Iraq Battles Islamists in Saddam’s Hometown, 80 Miles From Baghdad


An Iraqi army armored vehicle in the northern city of Mosul, Iraq, on June 12, 2014. Photograph: AP Photo
Iraqi forces sought to check the rapid advance of Islamist militants who had seized major cities, as Prime Minister Nouri al-Maliki responded to the greatest threat to his government since taking power.
The military attacked fighters of the Islamic State in Iraq and the Levant in Saddam Hussein’s former hometown of Tikrit, about 80 miles (130 kilometers) north of Baghdad, state-sponsored Iraqiya television reported. In Mosul, the air force struck ISIL positions after they seized the largest city in Iraq’s north earlier this week, Iraqiya said. Al-Sumaria television reported heavy clashes as the army fought for Tikrit backed by air support.
The surge in violence across northern and central Iraq, three years after U.S. troops withdrew, has raised the prospect of a return to sectarian civil war in OPEC’s second-biggest oil producer.
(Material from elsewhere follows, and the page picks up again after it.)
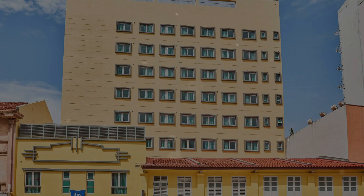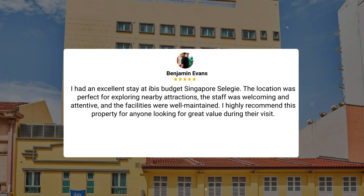Here's what other travelers have to say about this hotel. I had a comfortable stay at Ibis Budget Singapore Celagy. The room, though compact, was spotless and quiet on the 6th floor. The convenient location near MRT stations made exploring the city hassle-free. I had an excellent stay at Ibis Budget Singapore Celagy. The location was perfect for exploring nearby attractions, the staff was welcoming and attentive, and the facilities were well-maintained. I highly recommend this property for anyone looking for great value during their visit.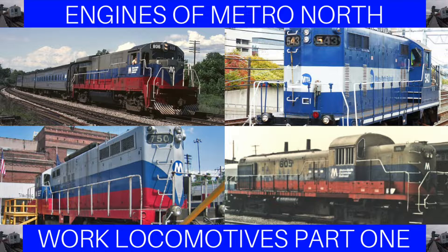Hello everyone, it's New York Railfan202 here, and today we are going to continue covering Metronorth, this time by talking about some of the work locomotives that Metronorth has used throughout its history. This will be part one of a two-part episode.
Al-Maliki’s Shiite-led government is struggling to retain control of Sunni-majority regions, and his army units in northern Iraq collapsed in the face of the Islamist advance.
Related:
“This can’t be looked at as anything other than a comprehensive failure by the Iraqi army,” Crispin Hawes, managing director of the research firm Teneo Intelligence in London, said in a phone interview. “If the army can’t protect Mosul, how are they going to protect other cities?” he said. “Moving southward would be the logical thing to do for ISIL.”

Oil Prices

The advance of ISIL fighters has rattled oil futures and markets in both Iraq and Turkey. Brent crude oil rose to the highest since the start of March and West Texas Intermediate to an eight-month high amid the violence.
Kurdish authorities, who control the territory to the east of Mosul, have fortified defenses around their borders and also dispatched their armed forces to take control of Kirkuk, home to the biggest northern oilfield, the semi-autonomous Kurdish government said on its website.
There were conflicting reports from Baiji, a town north of Baghdad that’s home to the nation’s largest refinery. Output at the 310,000 barrel a day plant stopped after militants seized the facility overnight, according to a police statement today.
Oil Minister Abdul Kareem al-Luaibi said in an interview in Vienna that the government was still in control of the refinery, speculating that U.S. jets may play a role in the government-led offensive.

State of Emergency

The U.S. has yet to respond to a request from Iraq made last month to mount air attacks against militant training camps in western Iraq, according to two American officials who asked not to be identified discussing internal deliberations. One of the officials said President Barack Obama is reluctant to revisit a war that he opposed and has repeatedly declared over.
Iraq’s parliament delayed a session to debate the imposition of a state of emergency as it lacked the number of members needed to vote on the decision, Iraqi state-sponsored Al-Baghdadia TV reported. Al-Maliki had asked parliament for emergency powers to battle ISIL.
The premier’s office also said that in response to popular demand, volunteers will be enrolled at national security offices to help in the fight against ISIL.
Brent rose as much as 2.2 percent to $112.34 a barrel. WTI, the U.S. benchmark, advanced 2 percent as the al-Maliki government fails to end the fighting.

Spare Capacity

“While there are concerns over the impact of the crisis on the oil market, any disruption should be contained,” Jason Tuvey, assistant economist at London-based Capital Economics Ltd., said in a report today. “Most of Iraq’s major oilfields are located in the south of the country, far from where the current turmoil is taking place.”
Saudi Arabia, the world’s largest oil supplier, has the spare capacity to offset a decline in Iraqi oil production, Tuvey said.
Iraqi stocks fell 1.7 percent, the sixth day of declines. The yield on $2.7 billion of government securities due January 2028 fell 11 basis points to 6.79 percent, according to data compiled by Bloomberg. In Turkey, stocks and bonds pared losses after a report that Turkish hostages captured during a raid on the country’s consulate in Mosul would be freed.
The swift seizure of Mosul suggests that ISIL probably colluded with “disenfranchised” army units in the city, Hawes said. The advance was made easier by an “extremely antagonistic” relationship between the government armed forces and the population of Mosul, a Sunni majority town, he said.
The New York Times reported that army commanders from the Saddam era joined forces with the Islamists to rout the government. Many senior ex-officers, including General Sultan Hashim who was defense minister during the U.S. invasion in 2003, were from Mosul, and The U.S. also faced stiff resistance in the city during its occupation.
ISIL rose to prominence as one of the mostly Sunni groups fighting to topple Syria’s President Bashar al-Assad, and has used the desert areas of western Iraq as secure bases for its fighters.